On sait qu’on est sur écoute et certainement aussi noyautés. Pour s’échanger des informations, on a donc recours au courrier postal. Quand on va à un rendez-vous, on ôte les batteries de nos téléphone portables pour ne pas être repérés. Greenpeace nous conseille, nous entraîne aux actions non violentes par exemple (car il n’est pas forcément évident de se contenir devant les provocations des policiers…)

On a plus peur des paysans que des forces de l’ordre.

En garde-à-vue, on dit: « j’ai rien à dire ». Une fois l’audition terminée, on discute d’autres choses avec les policiers. La relation est plutôt sympathique. On ne parle que devant le juge. On a jamais eu d’embrouille avec les gendarmes. Avec les CRS, oui.

Parmi les faucheurs, on compte 50% de femmes et d’hommes. Nous avons constaté que lors des confrontations avec les forces de l’ordre, les policiers étaient assez violents avec les hommes qui étaient en première ligne. Nous avons donc décidé un jour de placer femmes et enfants devant. Les forces de l’ordre étaient bien embêtées.

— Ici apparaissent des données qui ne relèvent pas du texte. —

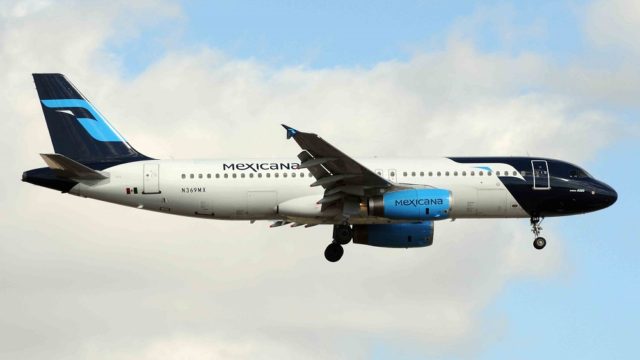 Senadores piden resolver conflicto de Mexicana de Aviación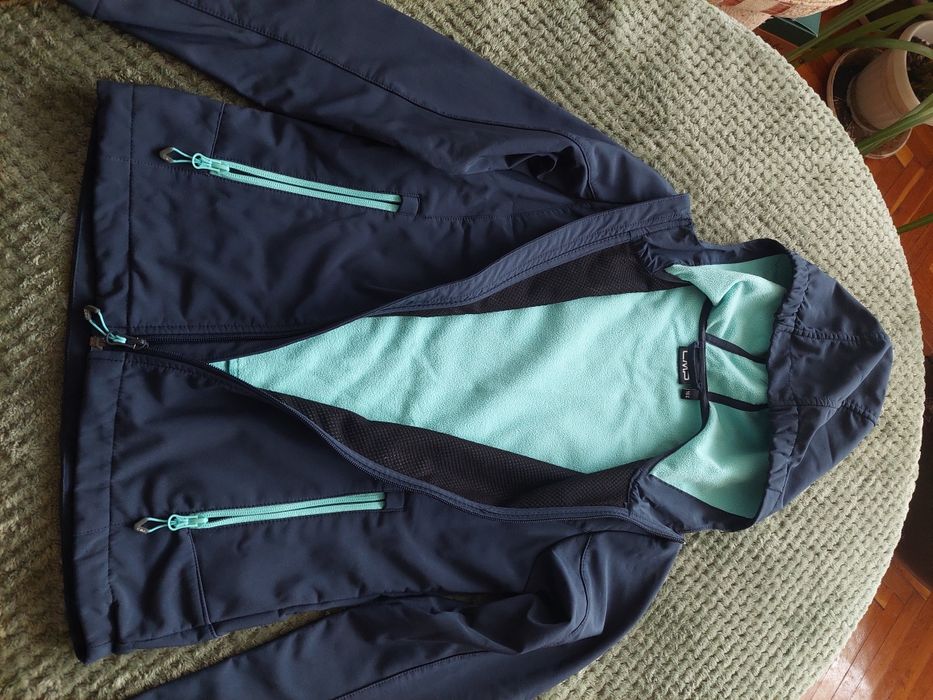 Якета за момиче.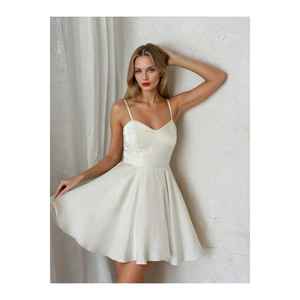 Abito bianco con spalline e vita naturale - Product Image 4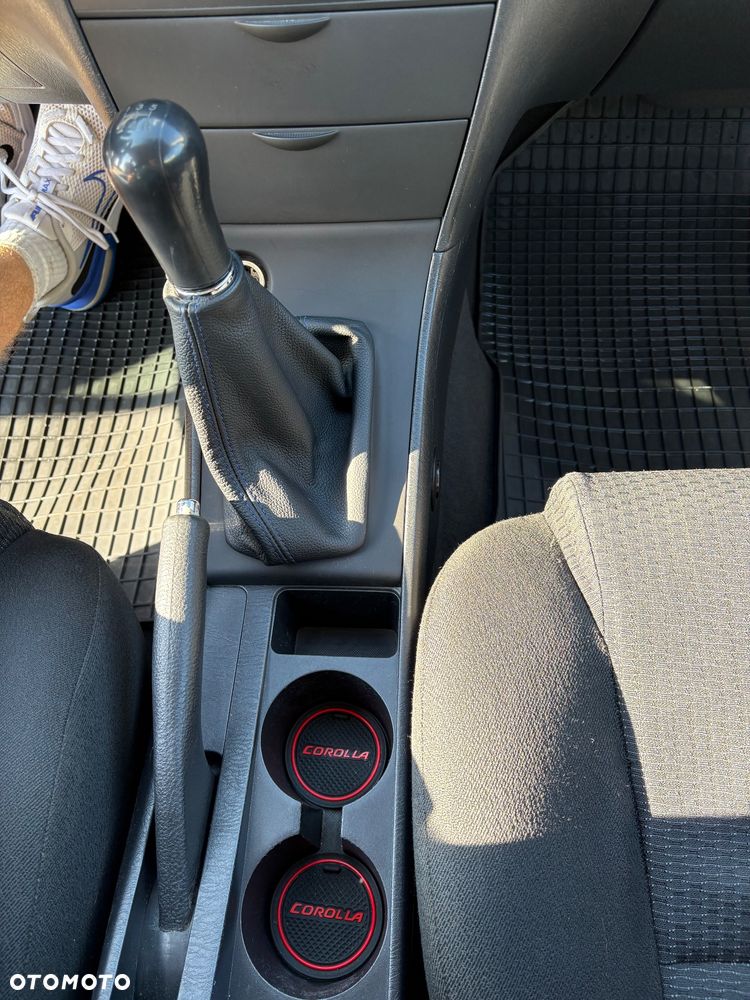 Toyota Corolla 1.6 VVT-i Sol (air6) - 9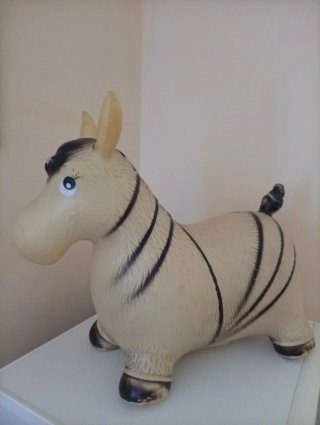 Cebra hinchable para saltar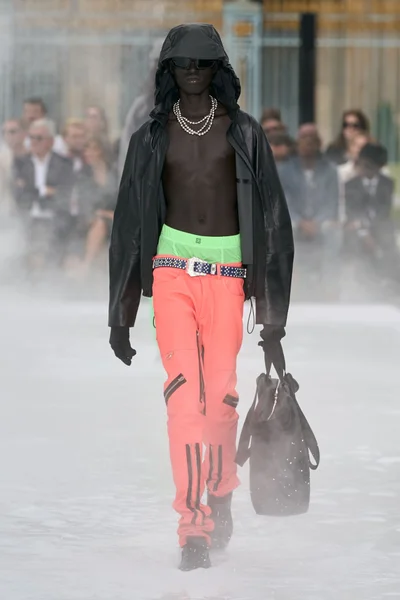 Look 13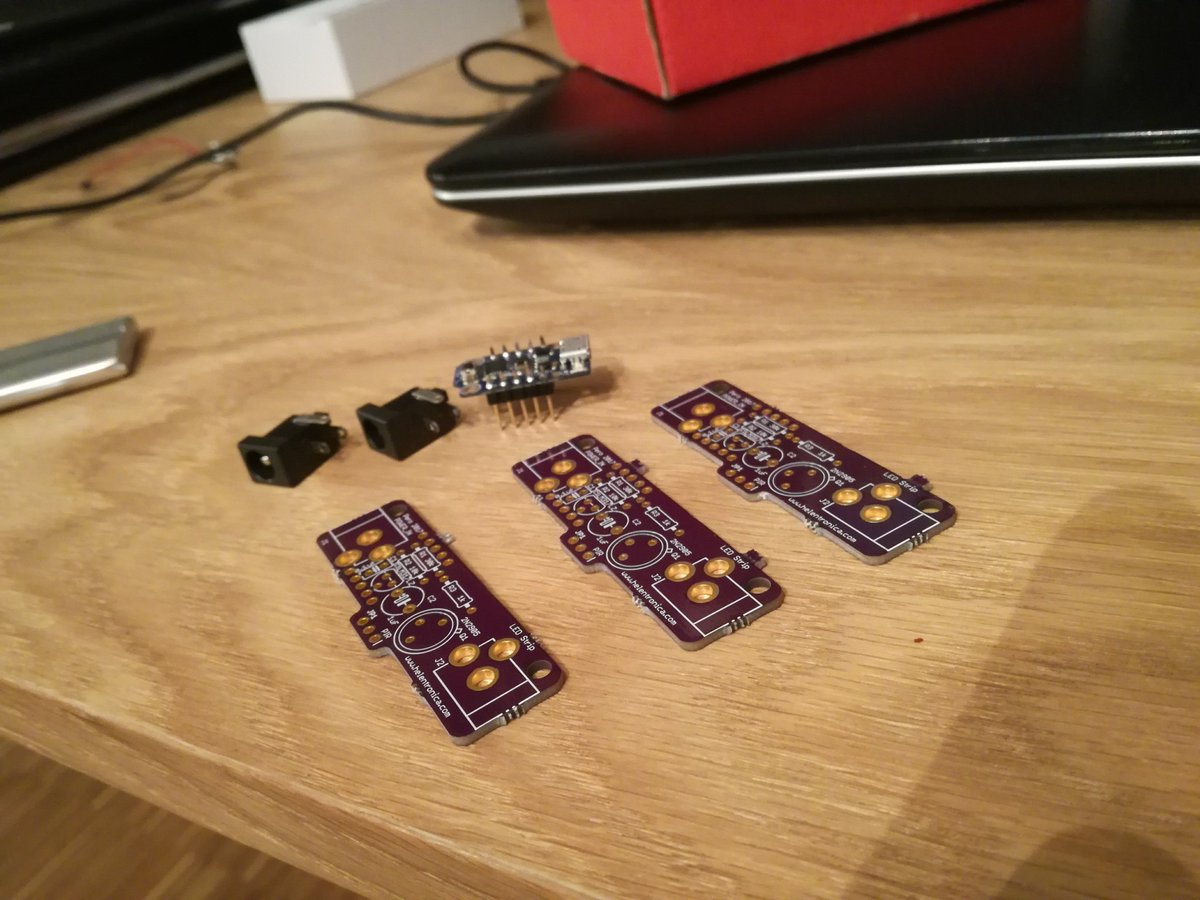 Helentronica's tweet image. Beauties from #oshpark are here, now let's finish that #hackadayio project:
hackaday.io/project/20327-…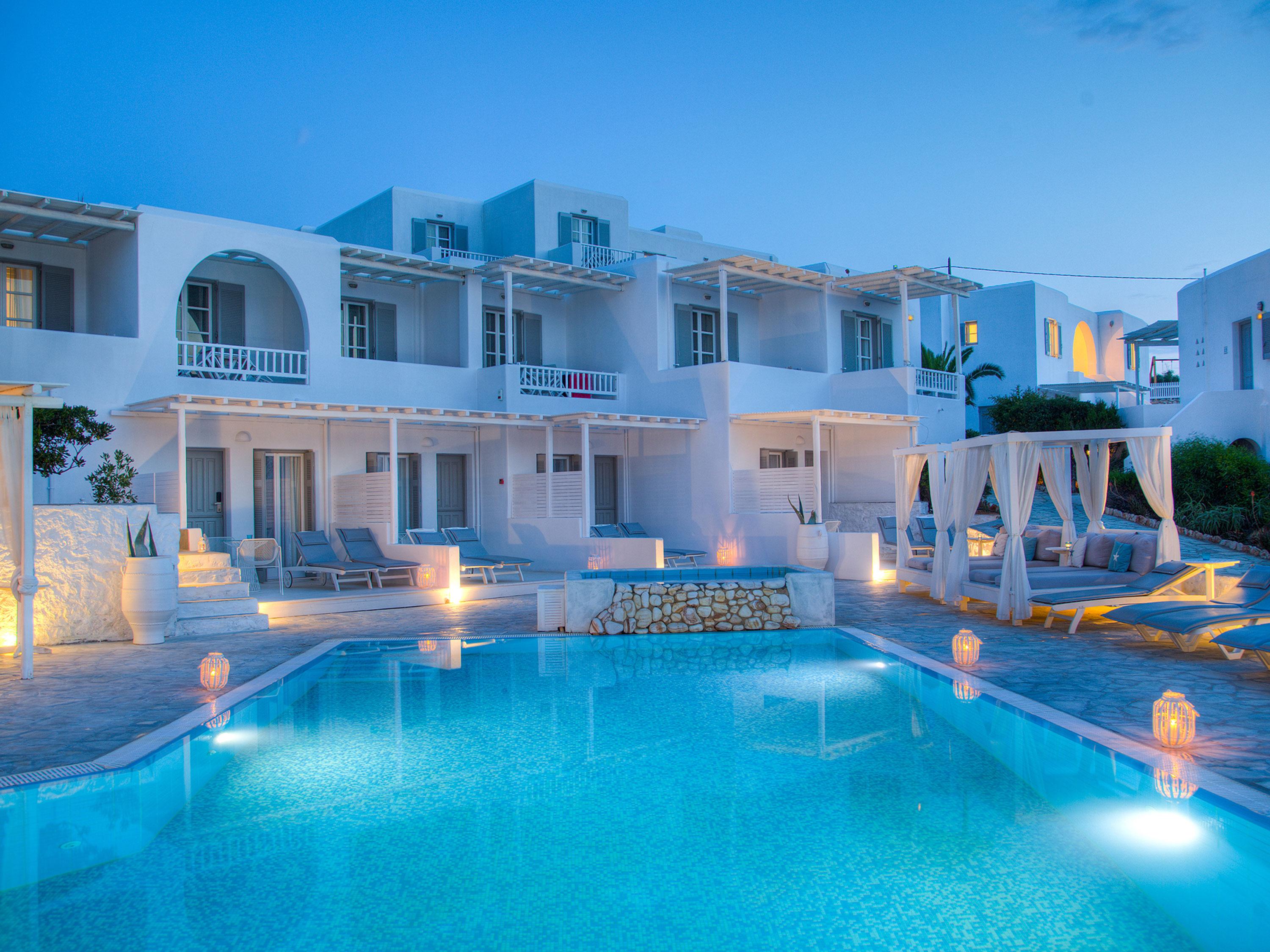 Andronis Minois Hotel Parasporos
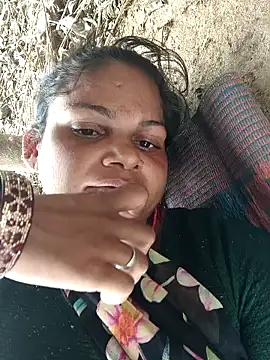 Snapshot of SHMA-77 chatting on July 11, 9:23 am SHMA-77 online show from July 11, 9:23 am
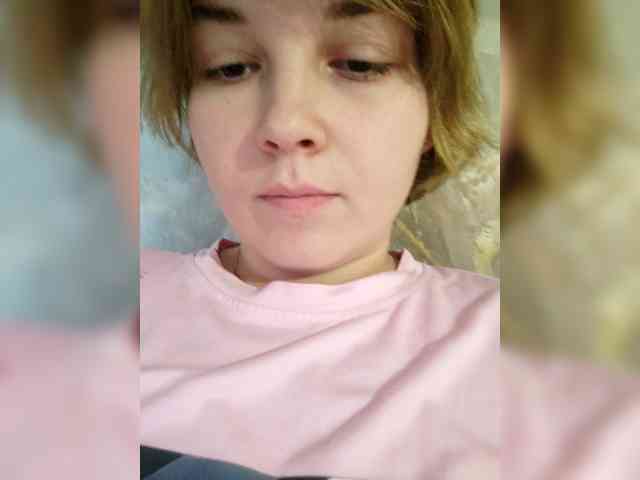 SweetyKitty25 webcam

Les médias, sur ces faits, ont accusé les faucheurs d’exposer les femmes et les enfants !

83% des français ne veulent pas d’OGM.

S’il y a confrontation aujourd’hui c’est que l’Etat français, depuis 2001, aurait dû produire une loi réglementant la culture des OGM. L’absence de loi a fait que le maïs Monsanto a été autorisé, que le paysan peut dire: » ce que je cultive est légal ». C’est l’Etat qui est responsable.

Le Grenelle: moratoire en stand by

les ministères de l’environnement et de l’agriculture sont en confrontation.

La loi vient de passer, en avril 2008, à l’assemblée – déjà acceptée au Sénat – donnant désormais (normalement) un cadre aux modalités de cette culture.

OGM très présents en Espagne et Roumanie (il y a eu un moratoire depuis). Pas en Italie, ni en Allemagne.

Une directive européenne pose un cadre – que les Etats interprètent différemment – quant à la co-existence des champs et le dédommagement (qui ne porte que sur la production sans tenir compte qu’ensuite, la terre est « morte »). Le cadre concernant la coexistence est assez dissuasif.

Des maires de communes ayant décidé d’interdire les OGM ont vu leur décision cassée par le préfet.

La France est assez coincée entre les lobby OGM et la population.

les labels (bio par exemple) ne peuvent plus être garantis.